A. Thiessen's Claims
Thiessen first asserts that there was substantial evidence that he did not intend to kill, injure, or shoot anyone when his codefendant Ramirez committed a drive-by shooting that injured two people. Thiessen asserts that at most the evidence showed he intended to aid and abet the drive-by shooting crime, which requires only general intent, rather than the crime of attempted murder, which requires specific intent. Thiessen's claim that evidence showed that Ramirez was the shooter underpins much of his argument that the trial court wrongly denied his petition for relief.
However, the jury deadlocked on firearm enhancements against Ramirez but found true that Thiessen used a firearm in connection with the jury's guilty verdict on the attempted murder counts against Thiessen. In addition, Thiessen improperly bases his conclusion that Ramirez was the shooter in part on facts recited in this court's opinion on direct appeal. The factual summary in an appellate opinion is not evidence that may be considered in ruling on a petitioner's eligibility for resentencing at the prima facie stage. (People v. Flores (2022) 76 Cal.App.5th 974, 988.) Our independent review of the record of conviction includes the jury instructions and jury verdicts, but not the summary of facts in our prior opinion. (People v. Williams (2022) 86 Cal.App.5th 1244, 1247, fn. 3.) In any event, we decline Thiessen's invitation to reweigh the evidence the jury already considered when it found him guilty of attempted murder, as well as drive-by shooting. (Lewis, supra, 11 Cal.5th at p. 972 [although a court should consider the record of conviction in determining whether the defendant has made a prima facie showing for relief, it should not engage in" 'factfinding involving the weighing of evidence' "].)
Further, we note that Thiessen generally relies on the statement in Lewis that at the prima facie stage the trial court takes the allegations of the petition as true, unless" 'the record [of conviction], including the court's own documents, "contain[s] facts refuting the allegations made in the petition," then "the court is justified in making a credibility determination adverse to the petitioner." '" (Lewis, supra, 11 Cal.5th at p. 971.) Thiessen contends there are no facts in the record that refute his allegation that he was eligible under section 1172.6. We disagree. Thiessen alleged in his petition that the prosecution proceeded against him under a theory of "attempted murder under the natural and probable consequences doctrine." In Harden, the court quoted the statement in Lewis on which Thiessen relies and offered an example of the court's record containing a fact that refutes the allegations in the petition: "[I]f the record shows that the jury was not instructed on either natural and probable consequences or felony-murder doctrines, then the petitioner is ineligible for relief as a matter of law." (People v. Harden, supra, 81 Cal.App.5th at p. 52, citing People v. Daniel, supra, 57 Cal.App.5th at p. 677.)
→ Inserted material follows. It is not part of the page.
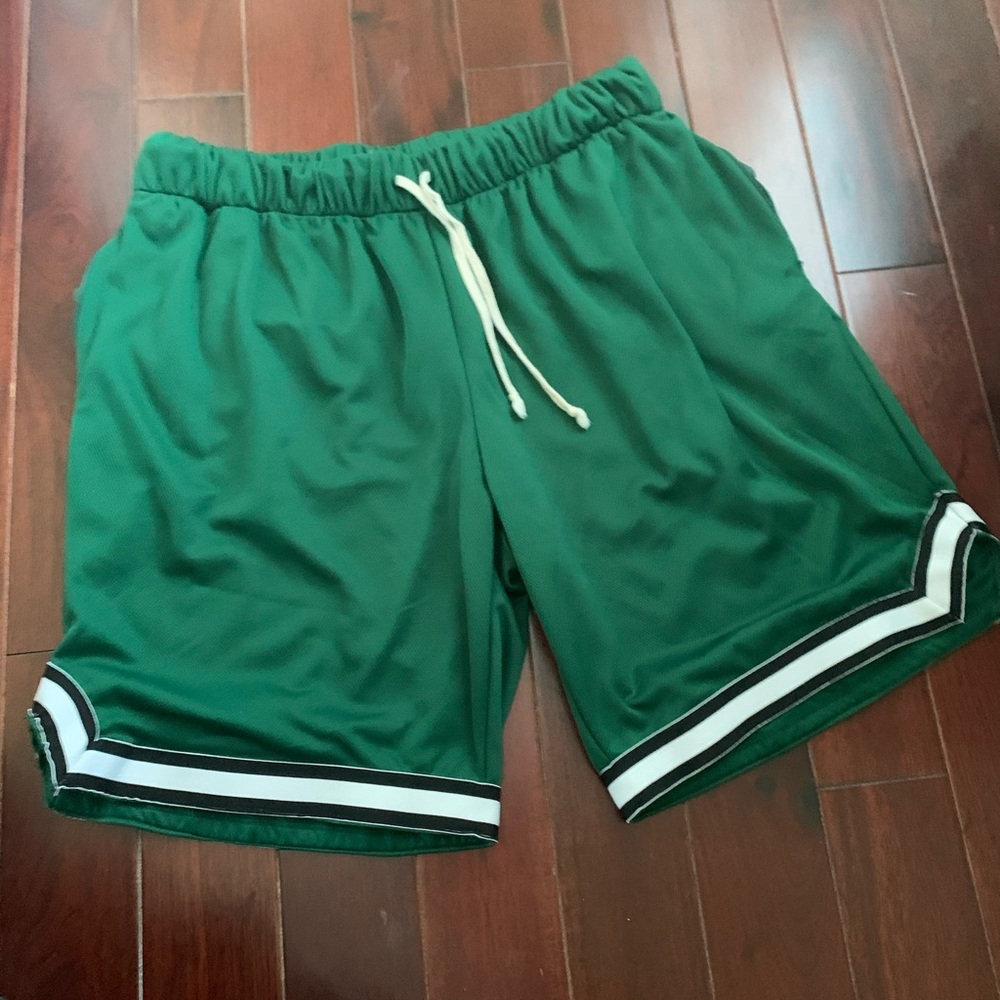 Green shorts with adjustable waist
Next, Thiessen argues that the jury instructions given on aider and abettor liability, CALCRIM Nos. 400 and 401, were ambiguous and overbroad, allowing the jury to convict him of attempted murder committed by another even though he did not share the perpetrator's specific intent required for attempted murder. Thiessen focuses on the bracketed portion of CALCRIM No. 400 that "[u]nder some circumstances, if evidence establishes aiding and abetting of one crime, a person may also be found guilty of other crimes that occurred during the commission of the first crime." The Bench Notes to CALCRIM No. 400 state that this bracketed paragraph should be used if the prosecution is relying on the natural and probable consequences doctrine. (Judicial Council of Cal., Crim. Jury Instns. (2023) Bench Notes to CALCRIM No. 400.) Here the prosecution did not rely on that doctrine. Nonetheless, the bracketed portion was given to the jury. Thiessen contends that based on this portion of the instruction, jurors were given discretion to find him guilty of attempted murder committed by someone else, despite his lack of intent to kill.
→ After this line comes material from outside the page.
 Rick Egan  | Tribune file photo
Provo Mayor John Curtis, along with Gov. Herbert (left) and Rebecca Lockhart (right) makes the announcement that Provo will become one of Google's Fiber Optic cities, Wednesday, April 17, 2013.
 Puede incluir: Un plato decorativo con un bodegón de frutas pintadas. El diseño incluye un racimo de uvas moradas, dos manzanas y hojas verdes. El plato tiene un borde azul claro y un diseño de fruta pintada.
As given, CALCRIM No. 400 instructed the jury: "A person may be guilty of a crime in two ways. One, he or she may have directly committed the crime. I will call that person the perpetrator. Two, he or she may have aided and abetted a perpetrator, who directly committed the crime. A person is equally guilty of the crime whether he or she committed it personally or aided and abetted the perpetrator who committed it. [¶] Under some specific circumstances, if the evidence establishes aiding and abetting of one crime, a person may also be found guilty of other crimes that occurred during the commission of the first crime." CALCRIM No. 401 provides in relevant part: "To prove a defendant is guilty of a crime based on aiding and abetting that crime, the People must prove that: [¶] 1. The perpetrator committed the crime; [¶] 2. The defendant knew that the perpetrator intended to commit the crime; [¶] 3. Before or during the commission of the crime, the defendant intended to aid and abet the perpetrator in committing the crime; AND [¶] 4. The defendant's words or conduct did in fact aid and abet the perpetrator's commission of the crime."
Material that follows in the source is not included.